Swords-and-horses fantasy, in particular, excites my liveliest suspicion. I did not (and do not) care for A Game of Thrones, to take one obvious example. I made an exception for The Name of the Wind, because several people whose judgment I respect recommended it. Even so, it took me a while to work myself up to the task.
And on balance, it was decent. I wouldn't recommend The Name of the Wind to anyone who isn't a lover of genre fantasy. (Or a 13-year-old, which is a heavy overlap anyway.) For anyone who is, it's readable. If it were a food, it wouldn't be filet mignon, but it wouldn't be deep-fried Twinkies either. It'd be, say, a hamburger. Not a Big Mac. Not an Artisanal Grass-Fed Beef Caramelized-Onion-and-Kale Burger. A hamburger.

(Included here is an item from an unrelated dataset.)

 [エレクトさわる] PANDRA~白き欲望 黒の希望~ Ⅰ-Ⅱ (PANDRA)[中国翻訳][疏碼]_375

Let's start with the obvious commendation: I finished it. At 600+ pages, that's no small thing. Then, too, the writing--particularly some of the descriptive passages--is better than average. The characterization is also better than average, if not up to mainstream-literary standards. There isn't an excess of magic (which lazy authors use in place of actual though), and such magic as exists is nicely described. It is, in short, comfortable.
It's also familiar. Some of The Name of the Wind is reminiscent of the Earthsea trilogy,* particularly A Wizard of Earthsea. More of it recalls Harry Potter, including analogues for Snape and Draco Malfoy. There's a brief but explicit bow to Tolkien. There's what almost has to be a one-sentence wink to Terry Pratchett. I see echoes of some more modern genre books as well, such as Scott Lynch's "Locke Lamora" series--particularly the third book, The Republic of Thieves; though in this case, it must be said, the resemblance is not in the plotting nor the pacing, which in The Name of the Wind are episodic and decidedly unhurried.
Now, part of the appeal of fantasy is that it's evocative. Far more so than its sibling genres, fantasy is about the echoes. Great fantasy reminds us of fairy tales, myths, and epics: of Beowulf facing the dragon, of King Arthur and Modred, of Robin Hood, of Greek or Norse gods, of the sheer wonder that we remember from our first trips to the well of Story, when we were young and the world was wider and the colors brighter.
Less-than-great genre fantasy reminds us of other genre fantasy. That's The Name of the Wind's limitation. It was a fun read. I'll probably pick up the next volume from the library. I won't put off reading anything else to get to it, though.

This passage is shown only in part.